In the decade 1965-1975, plate tectonics overthrew the previous paradigm of continental fixism and revolutionized our understanding of shallow-Earth geology and geochemistry in great detail. For the subsequent half-century, although seismic tomography has gradually clarified the large-scale features of the deep Earth, geodynamicists have struggled to understand the plate driving mechanism, reaching little agreement, so that their papers traditionally contain a statement that the driving mechanism remains obscure.

Yet the geology and geochemistry of sedimentary, igneous, and metamorphic rocks at the surface reflect motions in the deep Earth, with two advantages to complement the traditional data of geodynamics: (1) this information is highly detailed, down to the km or even mm scale, and (2) it records Earth history back through the Proterozoic and even into Archean. However, geological information is rarely used in studies of the driving mechanism, perhaps because it is unfamiliar to most geodynamicists.

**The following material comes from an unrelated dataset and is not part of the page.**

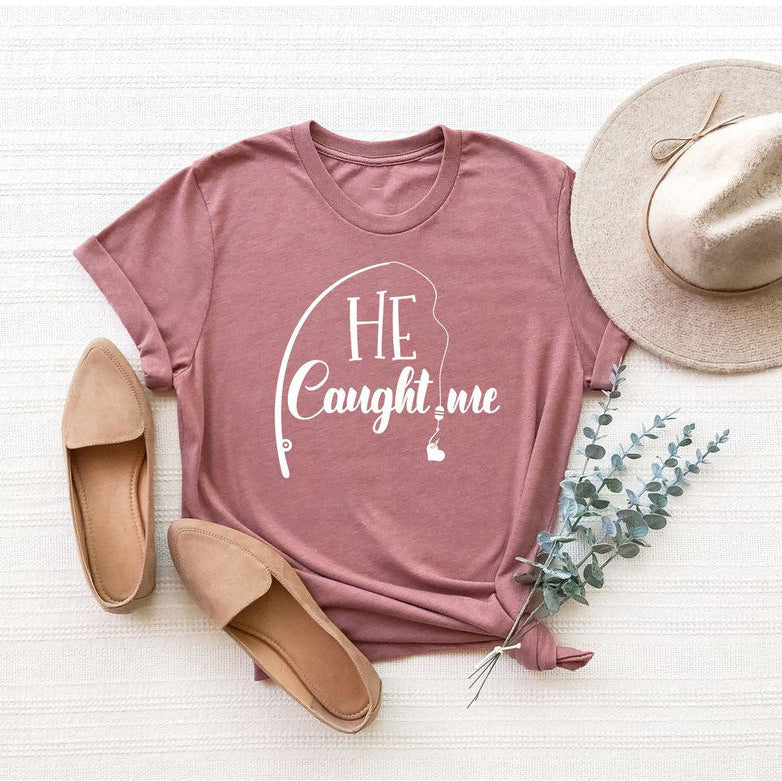 I Hooked Her & He Caught Me Short Sleeve Couple T-Shirts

In a paper almost 40 years ago (1982, JGR, v. 87, p. 6697), I used geological evidence to argue that continents move because they have deep roots coupled to sub-asthenosphere motions (“continental undertow”) and that asthenosphere is forced to flow through gaps in the continental roots, dragging surface geology eastward beneath the Caribbean and Drake Passage. Over four decades, more and more geological and geochemical evidence has been found by numerous researchers to support the continental undertow hypothesis. For example, undertow explains the otherwise mysterious, long-continuing continental collisions deforming the Tethyan belt from the Alps to the Himalayas (Alvarez, 2010, EPSL, v. 296, p. 434; Becker & Facenna, 2011, EPSL, v. 310, p. 453), and has been confirmed by detailed geological studies in the Caribbean (Pindell & Kennan, 2009, Geol. Soc. London Sp. Pub. 328, p. 1; Altamira & Burke, 2015, AAPG Mem. 108, p. 39) and gravity studies of the Drake Passage (Martos et al., 2014, GRL, v. 41, p. 43; 2019, JGR, v. 124, p. 10,735). However, the geologically based undertow concept has not yet influenced the geodynamics community. Nor has it come together to create a community of geologically oriented contributors to the problem of the driving mechanism of plate tectonics. It is time!